Sadly I don’t have grandchildren but one of the nicest names I’ve heard of is the actress Stephanie Beecham, who’s grandson calls her Glamma


----------



## DaveA (Sep 23, 2018)

My great grandkids call me "Big Poppa", and in the case of 2 of them, they call (our son) their granddad, "Poppa"..


----------



## peppermint (Sep 23, 2018)

I have 4 grandkids...Older boy calls me Gramma...His sister calls me Gram....The other teens call me Gramma....(the teens have another Grandma , they call Grammy)

They all call my husband, Gramps..


----------



## Gary O' (Sep 23, 2018)

Namaw and Papaw


----------



## Ruth n Jersey (Sep 23, 2018)

Oma and Opa suits us just fine.


----------



## PopsnTuff (Sep 23, 2018)

I chose Grammy for my three g'kids to call me, like in the Grammy Awards, since I'm a big music lover


----------



## Ronni (Sep 24, 2018)

Ron has very young grandchildren. When I started coming around, I just referred to myself as Ronni around them, expecting that they'd call me that...at least the older one who had just started talking..the baby wasn't even a year old yet.   But he just couldn't manage to pronounce Ronni well.  It kept coming out Honey!  And it's sort of stuck...his younger brother who has now started to talk is also calling me Honey. Yet another grandma name to respond to!!   

We don't always get to be called the name we choose   A dear friend of mine and her husband wanted to be called Nanny and Pops.  Their one and only grandchild simply could not get his tongue around that, and started calling them Nam and Bops.  To this day, the boy is now in his early 30's, they are still called Nam and Bops!!  Love that.   

I co-grandparent with a lovely woman called Candy.  She chose for her name to be CeCe with the grands.  That's fine.  She's remarried, and her husband's name is Steve.  When the first grandkid came along, they planned to have that child call him Steve too.  But Lily just couldn't manage Steve, and his name kept coming out Dink.  A few grandkids later, and now he's just Dink to all the grands!


----------



## Tony Del (Sep 24, 2018)

My first choice was Grandpap, but all my first grandchild could say was Pap-Pap.

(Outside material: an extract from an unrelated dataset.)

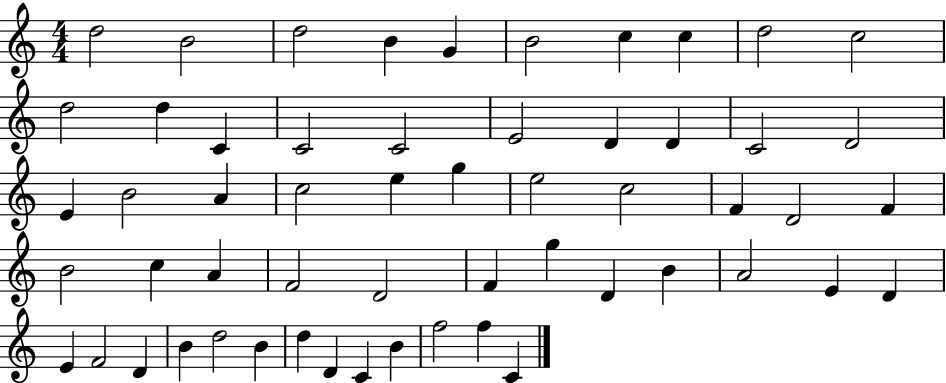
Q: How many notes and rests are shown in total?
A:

So Pap-Pap it is. For some reason my grandchildren have never had a problem saying Grandma...


----------



## Buckeye (Sep 25, 2018)

My grandsons have always been taught to call me "Uncle Hoot", since I am in fact way too young to be their grandfather.


----------



## Mrs. Robinson (Sep 25, 2018)

I am mostly Grandma and hubby is mostly Grandpa. But,depending on the kid,I am also GeeMaw,Drama and to my greatgrandson,GiGiMaw. Hubby is also GeePa,Papa and GGPaw.


----------



## gennie (Sep 26, 2018)

Just plain Gramma works for me.  I don't really care what they call me as long as they keep calling.


----------



## C'est Moi (Sep 26, 2018)

My oldest grandson (who's a teenager now) started calling me Grammie when he was a toddler, and so it has been with the other grands.    They call my husband "Pa-pa".   I didn't pick a name I wanted; I let them call me what they could say.


----------



## Lynk (Sep 26, 2018)

I am Grandma to 5 grand children.


----------



## Falcon (Sep 26, 2018)

They  call  me  "Grandpa".    :kissmy:


----------